Review< Zurück 21.08.2009
Von Ahmed Abdalla
Geschichtsschreibung einmal anders. Quentin Tarantinos neuester Film lehnt sich weit aus dem Fenster und behandelt diesmal den 2. Weltkrieg. 'Inglorious Basterds' ist ein brutales und blutiges Kriegsmärchen, von dem man sich irgendwie wünscht, dass es wirklich passiert wäre.
Nach 6 Filmen muss man den Stil von Tarantino bereits kennen und nicht genauer erläutern. Jeder seiner Filme trägt die unverkennbare Handschrift des Kult-Regieseurs. Das gleiche gilt auch für sein neuestes Meisterwerk Inglourious Basterds. Wer nicht auf übertriebene Brutalität und Gewalt steht, wer mit extrem langen Dialogen und unzähligen intertextuellen Verweisen auf die Filmgeschichte nichts anfangen kann, oder wer sich nicht an ausgefallener Filmmusik und verspielten Kameraeinstellungen erfreuen kann, der sollte sich ihn nicht anschauen. Für den Rest, unter anderem natürlich die unzähligen Tarantino-Jünger, ist der Film ein absolutes Muss. Inglourious Basterds überzeugt auf allen Ebenen, ganz vorweg die überragende, geniale und unglaubliche Leistung von Christoph Waltz, der zu Recht für diese Performance die Goldene Palme von Cannes gewonnen hat.
"Es war einmal im nazibesetzen Frankreich..." mit diesen Worten startet Tarantinos brutales Kriegsmärchen, das von Shosanna Dreyfus (Mélanie Laurent) erzählt, die beobachten musste wie der Judenjäger Oberst Hans Landa (Christoph Waltz) ihre ganze Familie hinrichtet. Währenddessen startet Leutnant Aldo Raine (Brad Pitt) mit einer Gruppe jüdisch-amerikanischer Soldaten eine brutale und blutige Hetzjagd auf die Nazis. Ihre Mission ist einfach: töte so viele Nazis wie möglich. Die beiden Handlungen verlaufen sich im Untergrund und treffen sich in einem kleinen Kino in Paris wieder. Shosanna hat ihren Namen geändert und ist die Besitzerin des Kinos, in dem der Film "Der Stolz der Nation" unter anderem vor Göbbels und dem Früher persönlich Premiere feiern soll. 400 Nazis in einem Kinosaal, der perfekte Ort für Rache und der perfekte Ort, den Krieg in einem gloreichen Showdown zu beenden - zumindest in dem Märchen von Quentin Tarantino.

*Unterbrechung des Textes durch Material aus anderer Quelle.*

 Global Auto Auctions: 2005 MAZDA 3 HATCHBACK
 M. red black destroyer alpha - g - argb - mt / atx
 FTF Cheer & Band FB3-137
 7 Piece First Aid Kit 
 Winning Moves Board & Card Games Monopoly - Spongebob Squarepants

Tarantino sagt über den Schreibprozess bei Inglourious Basterds: "Ich hatte keine Idee, was passieren würde, als ich mich zum ersten Mal zum Schreiben hinsetzte. Ich denke, eines der Dinge, die mich als Drehbuchschreiber auszeichnen, ist meine ungezügelte Vorstellungskraft [...] Ich habe immer die Freiheit genossen, meinen Charakteren dorthin zu folgen, wo sie hinwollen, aber hier kam ich an eine Straßensperre, die von der Geschichte selbst errichtet worden war. [...] Dann traf mich die Erkenntnis, dass meine Charaktere nicht wissen, dass sie Teil der Geschichte sind; und dass sie nicht wissen, wie die Dinge sich entwickeln werden. Meine Charaktere können die Geschichte ändern, und was in meinem Film passiert, geschah nicht in der realen Welt, weil meine Charaktere nicht exisiterten. Aber wenn sie existiert hätten, hätte dies sehr wohl passieren können." (Independent, 23 Juli 2009)

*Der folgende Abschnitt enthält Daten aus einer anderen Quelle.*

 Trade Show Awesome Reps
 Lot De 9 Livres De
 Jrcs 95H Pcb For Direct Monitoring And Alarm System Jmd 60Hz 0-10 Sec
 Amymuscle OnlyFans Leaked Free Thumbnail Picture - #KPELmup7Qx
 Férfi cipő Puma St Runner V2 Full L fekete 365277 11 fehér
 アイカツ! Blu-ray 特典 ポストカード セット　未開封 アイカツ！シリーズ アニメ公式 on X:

Die Castingliste von Inglourious Basterds liest sich wie die Gästeliste von Wetten, dass...?: Angefangen von Brad Pitt über Daniel Brühl, Gedeon Burkhard, Diane Kruger und last but not least Til Schweiger, der als Hugo Stiglitz nicht viel zu sagen hat, aber mit messerscharfen Argumenten zu überzeugen weiß. Wetten, dass dieser Film Kult wird?
Ein paar unnötige Details zum Schluss. Bei den Postern von Inglourious Basterds wurde in der deutschen Version ein wenig der Zensurstift angesetzt, denn das erste "O", welches einem Einschussloch ähnelt, ist im Original ein Hakenkreuz. Der Film hat seinen Namen vom Film Inglorious Basterds von Enzo G. Castellari aus dem Jahr 1978. Tarantino hat deshalb extra einen Rechtschreibfehler in seinen Film eingebaut um sich von dem Original zu distanzieren.